Special Exhibits

Main Gallery

Swedish Folk Painting: Tradition and Change
Alison Aune, Pieper Bloomquist and Åse Larsjos

Sept. 9 – Nov. 27, 2022
Exhibit Opening, Friday, Sept. 9, 6 p.m. – Gallery walk with artists and lecture by Pieper Bloomquist starting at 6:30 p.m. The opening is in person but the lecture can be joined via Zoom. To join the Zoom please click here.
Painting workshop for kids, Saturday, Sept. 10, 10 a.m. – noon with Alison Aune (Reservations can be made here)
Painting workshop for adults, Saturday, Sept. 10, 12:30 p.m. – 4 p.m. with Åse Larsjos (Reservations can be made here)
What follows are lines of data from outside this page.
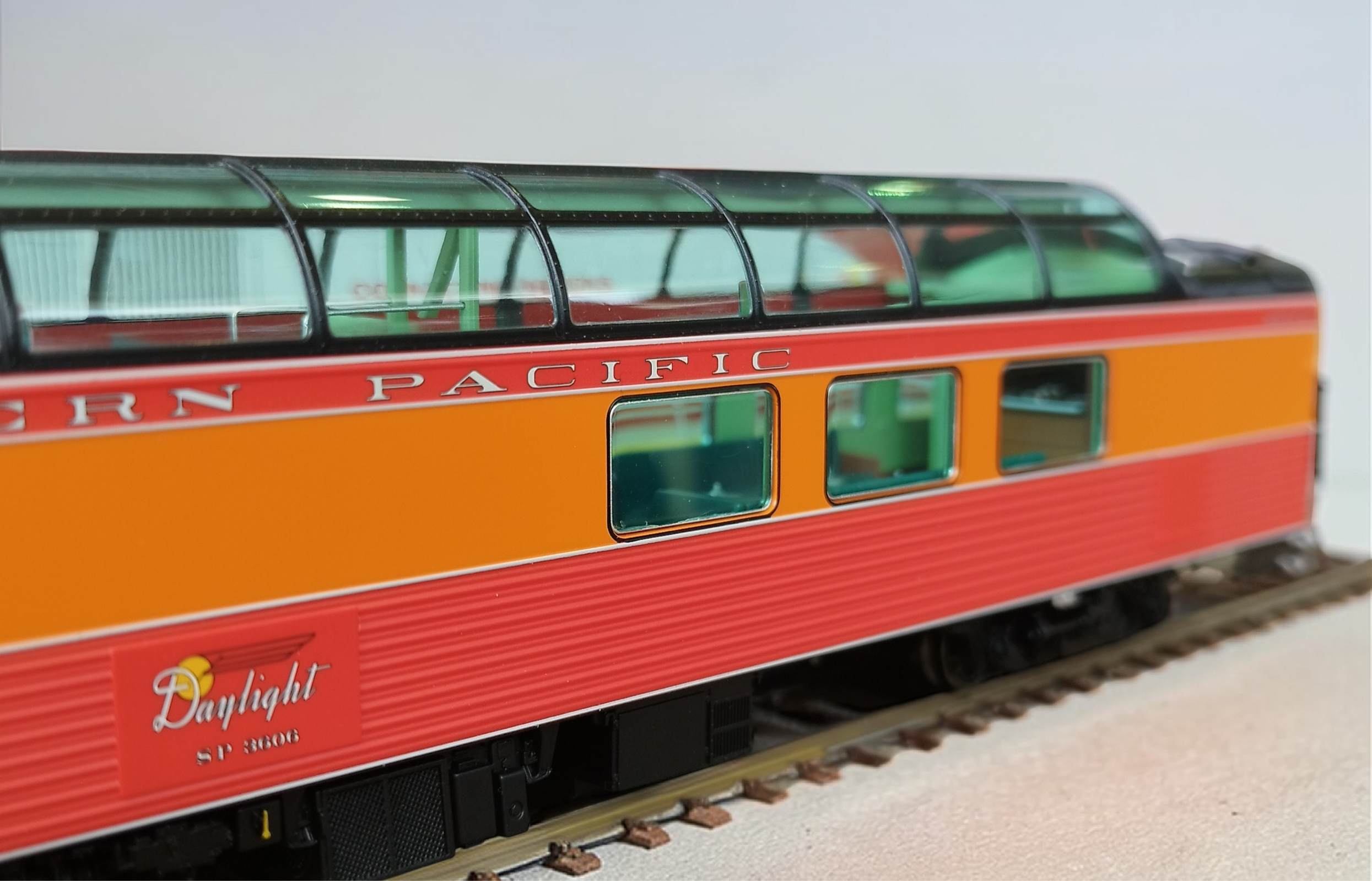 Rapido’s Daylight Dome Lounge HO with lights 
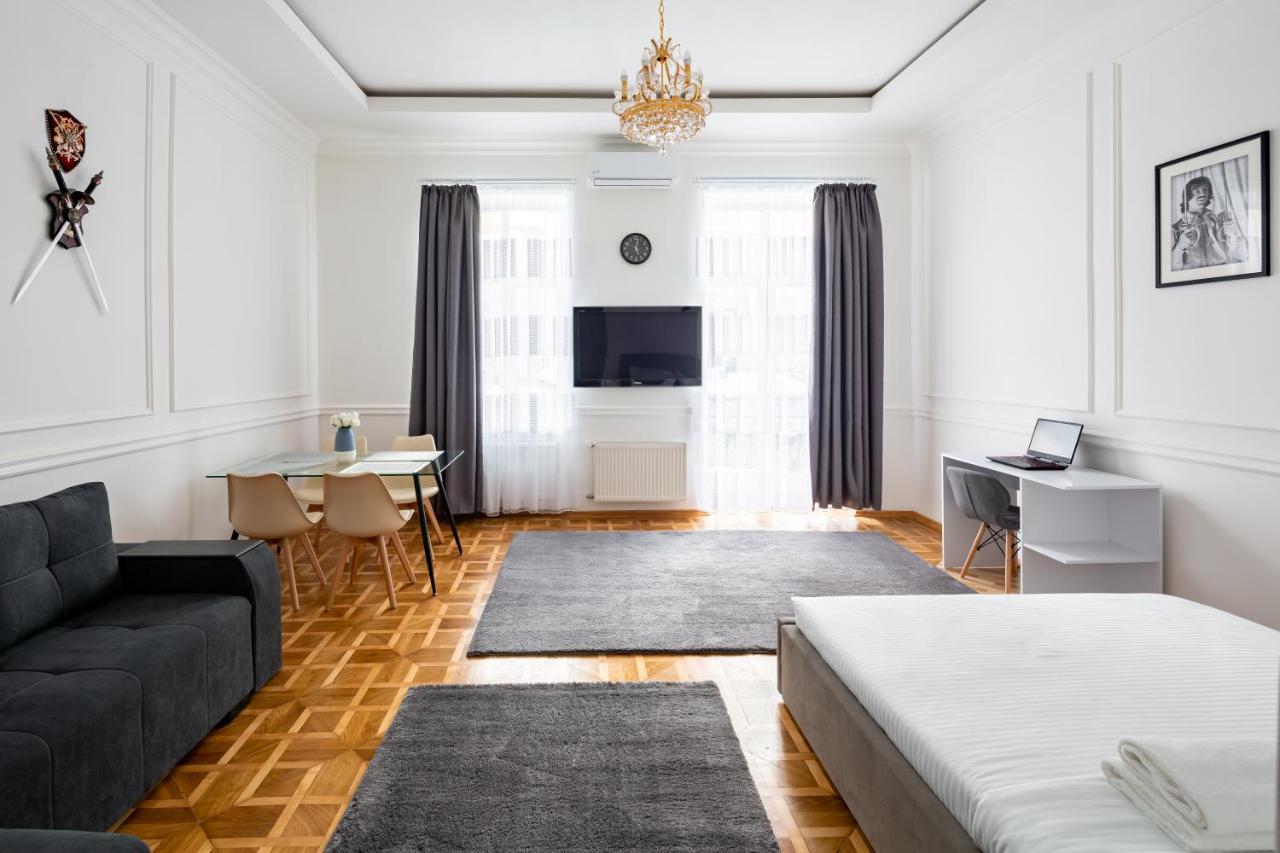 Alfa Apartments Grushevskoho 7 Lviv Exterior photo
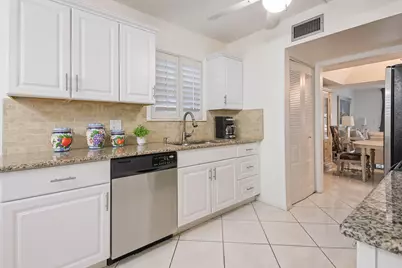 6850 10th Avenue N #206, Lake Worth, FL 33467 - Photo 9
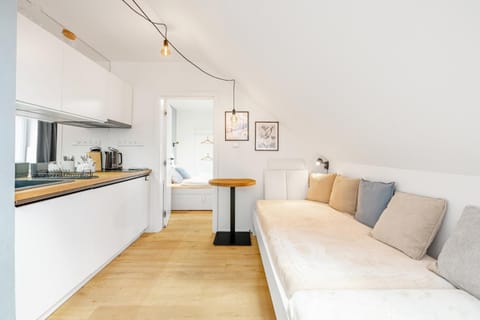 Kitchen or kitchenette, Living room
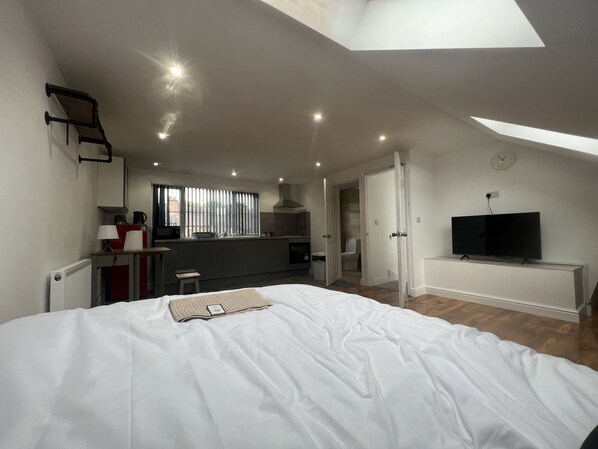 5 bedrooms, iron/ironing board, free WiFi, bed sheets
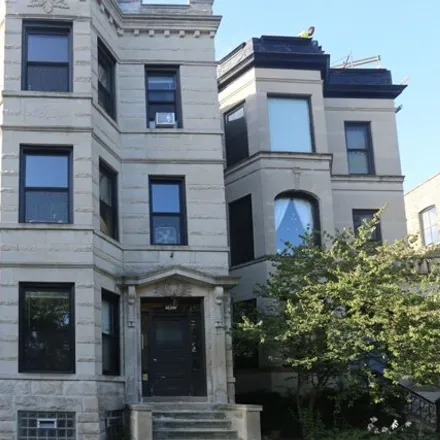 Rent this 2 bed house on 1927 W Schiller St Apt 3R in Chicago, Illinois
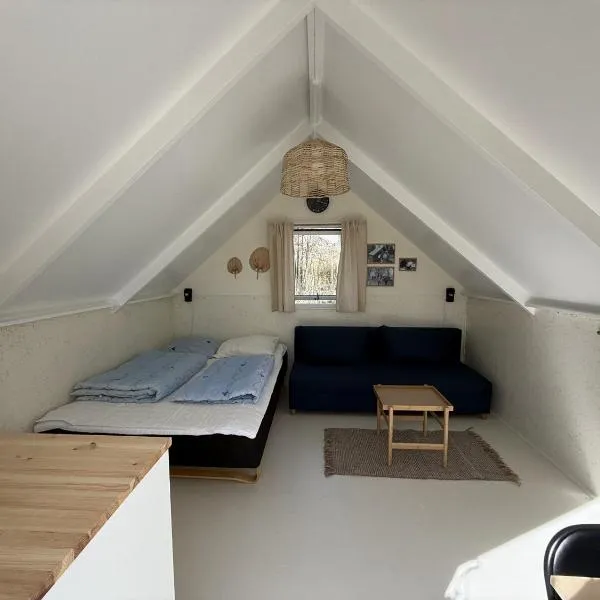 Frederiksværk Camping & Hostel，位于弗雷德里克斯伐克的酒店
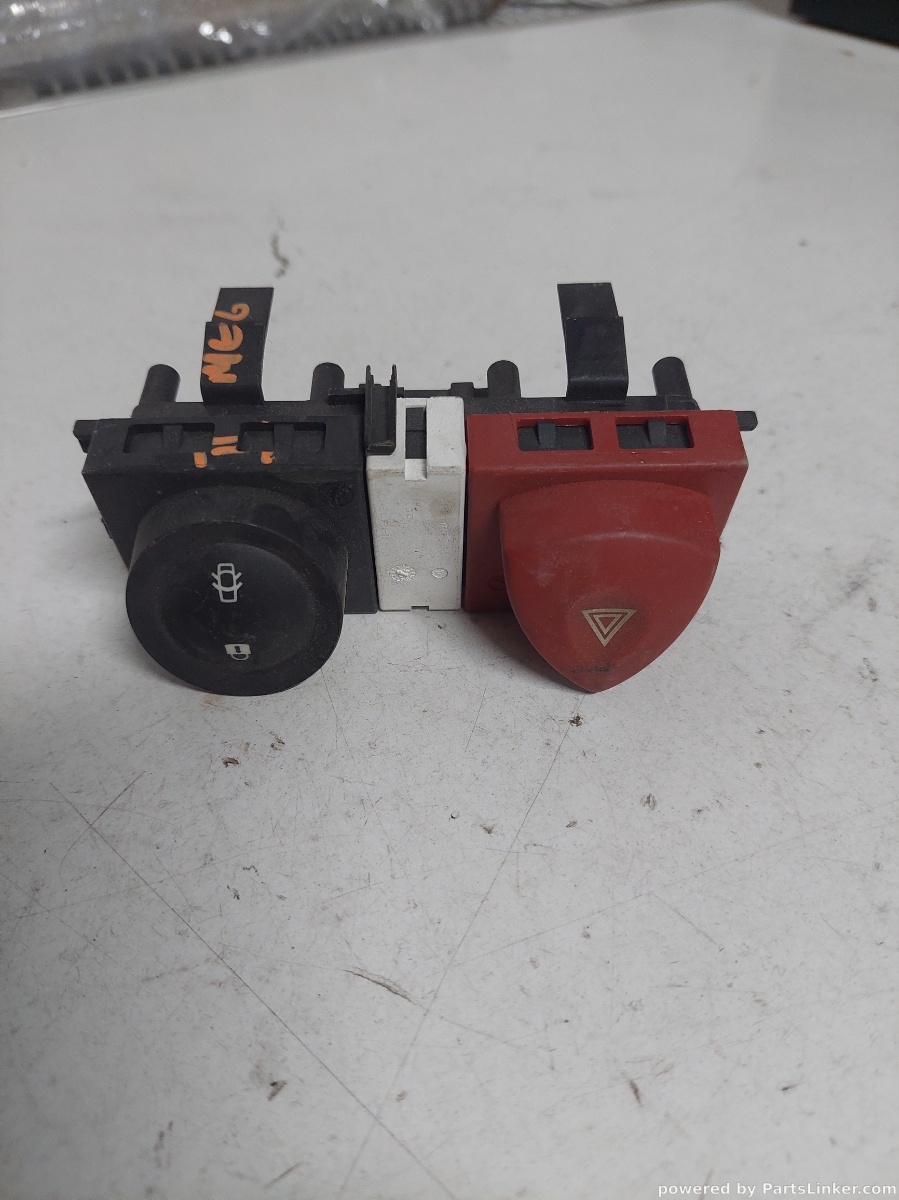 Buton avarie RENAULT MEGANE II (BM0/1_, CM0/1_) [ 2001 - 2012 ] Delphi OEM 88040009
Master folk artists Alison Aune, Pieper Bloomquist, and Åse Larsjos have studied, taught, and transformed traditional Swedish dalmålningar art from Dalarna. Their works reviving and reimagining the possibilities of Swedish folk art for the contemporary day will be exhibited alongside historic pieces from the Swedish American Museum collection. Come see the evolution of Swedish folk with its characteristic floral kurbits (fantastical gourd flowers) and decorative figurative bonadsmåleri painting from the southern provinces of Småland and Halland from hundreds of years ago to today!

Painted Bonader

Exhibit Open from Saturday, Dec. 10, 11 a.m.
Exhibit Closes on Monday, Jan. 9, 4 p.m.

One of the most remarkable examples of Scandinavian folk art is the painted picture indigenous to the Swedish peasant home. The commonly used name for these peasant paintings is bonader, and their provenance was to decorate the walls and ceilings of the homes at Christmas time and on feast days, thus adding a note of color and gaiety to the otherwise dark interiors. Between festivities, these canvas or paper panels were taken down and carefully kept, to become a part of the family inheritance. The collection of bonader at the Museum is a collection of extraordinary works on linen and paper, with vegetable and mineral pigments that achieve arrays of color. They were sized for specific wall spaces and hung unframed. Several of the artists were identified, and more than 100 may have practiced the craft. Donated to the Museum in 2000 by the Art Institute of Chicago, the 29 Bonader represent the eighth largest known collection. They originated in 1931 among acquisitions from world traveler Florence Dibell Bartlett of Chicago. Inspired by what she viewed as a decline in creation of folk art, Bartlett acquired pieces she found in 37 countries. She was the founder in 1953 of the Museum of International Folk Art in Santa Fe, New Mexico.

Arctic Highways

Exhibit Open from Friday, Jan. 13, 11 a.m.
Exhibit Closes on Sunday, April 2, 4 p.m.

This exhibit discusses the exploitation of Indigenous land and how imposed boarders of nation states has erased the natural land borders used by Indigenous peoples. Nine Sami artists and three Indigenous artists from Canada and the United States want to use this exhibit to start a dialogue, raise questions, and establish way points between their culture and ours. This exhibit takes us on a journey through an Arctic highway of culture and life, stretching from the past into the future.

Raoul Wallenberg Gallery

From the Vault: Landscapes, Immigrants and Female Artists of the 20th Century

Exhibit Open from Friday, Aug. 26, 10 a.m.
Exhibit Closes on Monday, Jan. 2, 4 p.m.

This exhibit features artwork by Swedish and Swedish-American artists from the Swedish American Museum’s permanent collection. With a focus on female artists, the artwork on display is a good representation of the work the Museum has collected over time and explores missing perspectives. Women and minority artists are often under-represented in museum collections and we recognize is important to acknowledge these holes in our collection. From the Vault explores artwork from twelve different artists, each with a unique background and connection to the Swedish/ Swedish-American community.